Zur Medienkompetenz gehört aber auch, sich im Internet zu behaupten, Hassbotschaften entgegenzutreten – und darüber hinaus ein selbstbewusstes Auftreten an den Tag zu legen. So stünden für Azubis dann und wann Präsentationen an. Mit einem Rhetorikcoach arbeiteten die jungen Frauen und Männer an ihrer Körpersprache. „Das sind ja die Kleinigkeiten, die man in der Schule so gar nicht beigebracht bekommt“, erzählt Fynn Stemper, der eine Ausbildung bei Funke Medien Niedersachsen macht. Vor vielen Menschen reden, ist schließlich nicht jedermanns Sache. „Mich hat das auf jeden Fall weitergebracht – auch für das heutige Gespräch etwa“, sagt der junge Mann vor seinem Bildschirm sitzend.

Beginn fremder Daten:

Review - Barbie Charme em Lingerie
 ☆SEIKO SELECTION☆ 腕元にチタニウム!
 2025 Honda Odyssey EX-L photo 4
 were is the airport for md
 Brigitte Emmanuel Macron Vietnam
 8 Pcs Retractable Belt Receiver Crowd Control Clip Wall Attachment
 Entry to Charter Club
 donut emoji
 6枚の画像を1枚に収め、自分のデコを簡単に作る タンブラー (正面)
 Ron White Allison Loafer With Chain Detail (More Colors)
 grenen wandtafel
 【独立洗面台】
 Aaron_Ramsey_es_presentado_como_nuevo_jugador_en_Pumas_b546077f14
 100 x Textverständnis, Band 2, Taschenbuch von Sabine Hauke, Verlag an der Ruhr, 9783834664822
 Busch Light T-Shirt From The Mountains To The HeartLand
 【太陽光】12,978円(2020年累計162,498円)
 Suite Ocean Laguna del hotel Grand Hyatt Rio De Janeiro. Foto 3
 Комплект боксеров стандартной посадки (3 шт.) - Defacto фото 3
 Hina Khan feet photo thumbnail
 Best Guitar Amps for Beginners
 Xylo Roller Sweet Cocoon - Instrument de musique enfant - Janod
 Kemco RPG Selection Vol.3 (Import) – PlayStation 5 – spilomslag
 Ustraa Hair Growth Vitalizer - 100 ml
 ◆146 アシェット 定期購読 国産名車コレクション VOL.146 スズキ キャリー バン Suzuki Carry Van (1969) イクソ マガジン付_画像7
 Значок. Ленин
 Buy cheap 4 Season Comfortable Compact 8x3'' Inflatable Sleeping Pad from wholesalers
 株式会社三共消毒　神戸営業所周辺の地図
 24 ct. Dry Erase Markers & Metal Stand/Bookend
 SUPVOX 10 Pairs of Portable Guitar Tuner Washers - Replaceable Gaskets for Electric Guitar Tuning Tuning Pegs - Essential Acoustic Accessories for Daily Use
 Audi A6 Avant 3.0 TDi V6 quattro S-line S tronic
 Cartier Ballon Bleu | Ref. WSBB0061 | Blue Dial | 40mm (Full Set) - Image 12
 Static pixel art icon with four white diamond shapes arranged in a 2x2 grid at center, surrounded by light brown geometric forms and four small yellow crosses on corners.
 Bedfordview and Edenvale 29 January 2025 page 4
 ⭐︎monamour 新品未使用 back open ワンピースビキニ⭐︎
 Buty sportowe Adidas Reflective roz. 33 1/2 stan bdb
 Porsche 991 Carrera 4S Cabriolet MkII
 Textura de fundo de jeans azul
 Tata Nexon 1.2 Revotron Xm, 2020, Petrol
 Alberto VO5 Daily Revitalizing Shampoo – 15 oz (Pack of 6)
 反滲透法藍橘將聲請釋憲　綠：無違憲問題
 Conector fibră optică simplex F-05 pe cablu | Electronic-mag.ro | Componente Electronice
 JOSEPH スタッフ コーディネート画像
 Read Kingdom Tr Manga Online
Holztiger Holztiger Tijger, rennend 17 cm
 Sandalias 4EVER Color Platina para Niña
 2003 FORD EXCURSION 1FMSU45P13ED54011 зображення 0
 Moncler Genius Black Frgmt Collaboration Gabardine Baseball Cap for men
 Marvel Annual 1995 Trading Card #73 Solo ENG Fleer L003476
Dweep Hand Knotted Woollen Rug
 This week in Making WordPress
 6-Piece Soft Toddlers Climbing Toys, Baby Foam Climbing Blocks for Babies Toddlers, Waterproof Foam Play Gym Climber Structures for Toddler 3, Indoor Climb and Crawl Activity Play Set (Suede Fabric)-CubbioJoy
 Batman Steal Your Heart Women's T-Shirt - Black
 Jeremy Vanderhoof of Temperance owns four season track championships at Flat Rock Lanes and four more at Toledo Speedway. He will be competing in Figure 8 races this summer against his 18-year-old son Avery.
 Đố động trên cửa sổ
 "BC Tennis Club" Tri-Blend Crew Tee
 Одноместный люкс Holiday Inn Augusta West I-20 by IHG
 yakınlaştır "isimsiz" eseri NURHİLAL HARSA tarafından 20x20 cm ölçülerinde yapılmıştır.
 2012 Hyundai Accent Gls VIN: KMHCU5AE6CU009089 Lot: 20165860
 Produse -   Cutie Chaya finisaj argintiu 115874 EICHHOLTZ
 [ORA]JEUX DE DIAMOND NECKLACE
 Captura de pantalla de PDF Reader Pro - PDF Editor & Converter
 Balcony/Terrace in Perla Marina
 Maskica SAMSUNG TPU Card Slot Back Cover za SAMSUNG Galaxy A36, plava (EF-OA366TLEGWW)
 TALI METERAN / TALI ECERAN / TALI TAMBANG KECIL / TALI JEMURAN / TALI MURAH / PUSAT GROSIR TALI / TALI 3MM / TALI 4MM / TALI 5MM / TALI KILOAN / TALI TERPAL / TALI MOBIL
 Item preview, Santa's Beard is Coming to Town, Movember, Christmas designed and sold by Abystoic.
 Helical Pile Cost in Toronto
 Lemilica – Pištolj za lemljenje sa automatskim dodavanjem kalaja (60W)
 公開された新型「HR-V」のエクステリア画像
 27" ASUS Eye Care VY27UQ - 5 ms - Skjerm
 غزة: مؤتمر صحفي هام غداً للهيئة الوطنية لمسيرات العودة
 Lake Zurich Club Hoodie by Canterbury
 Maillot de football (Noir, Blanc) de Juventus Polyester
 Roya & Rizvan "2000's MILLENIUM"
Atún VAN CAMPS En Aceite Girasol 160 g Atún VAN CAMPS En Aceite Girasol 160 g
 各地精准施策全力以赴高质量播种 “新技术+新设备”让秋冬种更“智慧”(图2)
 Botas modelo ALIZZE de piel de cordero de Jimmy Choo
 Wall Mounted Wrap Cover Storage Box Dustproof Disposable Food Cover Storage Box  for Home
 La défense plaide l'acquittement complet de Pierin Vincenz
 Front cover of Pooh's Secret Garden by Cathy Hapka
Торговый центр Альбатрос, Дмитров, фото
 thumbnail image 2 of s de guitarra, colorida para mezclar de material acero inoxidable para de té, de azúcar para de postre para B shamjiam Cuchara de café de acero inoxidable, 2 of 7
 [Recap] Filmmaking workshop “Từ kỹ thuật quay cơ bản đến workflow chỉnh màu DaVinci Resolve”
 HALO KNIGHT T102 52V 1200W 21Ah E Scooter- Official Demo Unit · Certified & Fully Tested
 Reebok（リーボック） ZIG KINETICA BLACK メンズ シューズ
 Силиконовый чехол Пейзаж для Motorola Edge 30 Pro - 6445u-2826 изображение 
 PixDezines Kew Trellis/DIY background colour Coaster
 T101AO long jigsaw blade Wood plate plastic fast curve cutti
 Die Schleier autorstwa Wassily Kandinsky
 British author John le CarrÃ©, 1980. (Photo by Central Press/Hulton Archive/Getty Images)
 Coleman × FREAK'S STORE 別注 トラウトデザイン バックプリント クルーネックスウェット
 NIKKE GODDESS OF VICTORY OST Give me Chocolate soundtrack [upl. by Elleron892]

Auch soziales Engagement gehört zu „Zukunft Bilden“ dazu

„Seid ein Geschenk für die Region“ ist indes eine große Herzensangelegenheit im Zuge des Projekts. 40 Auszubildende haben sich engagiert und die verschiedensten Projekte umgesetzt, eines davon: den Stadtgarten Bebelhof etwas auf Vordermann bringen. So tauschten in diesem Jahr vier Jugendliche das Bürooutfit gegen Gartenhandschuhe, den Stift gegen eine Schaufel. Diese Aktion unserer Zeitung läuft übrigens gemeinsam mit der Bürgerstiftung Braunschweig. „Wir stellen mit unserem langjährigen Projekt „Brücken bauen“ bereits eine Verbindung zwischen Unternehmen und sozialen Einrichtungen her und es ist toll, dass wir bei dieser Aktion den jungen Erwachsenen die Möglichkeit bieten können, sich sozial zu engagieren und ihre Zeit zu verschenken“, erklärt Patrick Scheunemann von der Bürgerstiftung. Auch, dass das Projekt im zweiten Jahr trotz Corona so viel Zuspruch erhalten hat, freut ihn. Und für die Azubis ist „es eine willkommene Abwechslung zum Berufsalltag und hat trotz des Regens Spaß gemacht“, berichtet Tabea Mense, Auszubildende bei BS Energy. Wiederholung garantiert.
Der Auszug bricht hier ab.